Now, a little bit harder is the reader: when a file is provided to be read, we do not know which top-level element to expect. We can also not initialize with an explicit version unless we know the root element.

   my $data = Geo::KML->readKML($source);

   package Geo::KML;
   sub readKML($)
   {   my ($class, $source) = @_;
       my ($root, %details) = XML::Compile->dataToXML($source);
       my $rootns  = $root->namespaceURI;
       my $version = $self->namespace2version($rootns);
       my $self = $class->new(version => $version);
       $self->reader($kml)->($root);
   }

Normally, the reader will automatically parse filenames and strings into XML, using `dataToXML()'. In this case, we have to parse the source ourselves, to figure-out which namespace is used in the root element of the document. Some magic is needed to translate the namespace into the version of the protocol used.

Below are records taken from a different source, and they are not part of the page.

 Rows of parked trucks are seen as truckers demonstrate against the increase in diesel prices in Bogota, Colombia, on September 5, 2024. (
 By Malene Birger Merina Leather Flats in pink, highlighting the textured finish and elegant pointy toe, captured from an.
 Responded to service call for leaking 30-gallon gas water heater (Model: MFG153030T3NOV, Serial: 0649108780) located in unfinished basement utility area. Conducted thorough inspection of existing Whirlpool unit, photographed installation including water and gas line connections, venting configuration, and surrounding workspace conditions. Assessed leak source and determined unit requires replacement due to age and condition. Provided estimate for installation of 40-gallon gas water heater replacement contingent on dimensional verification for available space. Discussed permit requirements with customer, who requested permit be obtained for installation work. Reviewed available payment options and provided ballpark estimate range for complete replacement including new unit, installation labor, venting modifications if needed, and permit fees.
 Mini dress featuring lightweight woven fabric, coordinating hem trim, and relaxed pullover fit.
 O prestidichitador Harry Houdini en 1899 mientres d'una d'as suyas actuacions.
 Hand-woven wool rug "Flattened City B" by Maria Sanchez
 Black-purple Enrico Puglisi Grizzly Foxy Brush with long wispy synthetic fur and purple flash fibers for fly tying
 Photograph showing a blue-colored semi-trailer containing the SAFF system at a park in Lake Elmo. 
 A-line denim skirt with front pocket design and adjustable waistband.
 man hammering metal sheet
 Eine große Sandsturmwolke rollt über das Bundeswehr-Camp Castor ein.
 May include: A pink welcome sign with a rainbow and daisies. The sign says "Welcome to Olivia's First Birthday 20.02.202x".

At this moment, the lowest level of support has been reached. Users are expected to understand and produce the complex data structure which represent their information in XML. Will we only support such a low level? Much nicer would be to add an abstraction layer on top of this module to hide the message structure but also version difference from the user's view. Sometimes that's easy, often that is a huge task. For KML, it's too much work.

Conclusion

XML::Compile is the base of growing number of modules on CPAN: XML::Compile::SOAP, ::SOAP::Daemon, Geo::KML, Geo::GML, and many more. When you like this story, I will explain some of these in the next edition of Perl-Foo.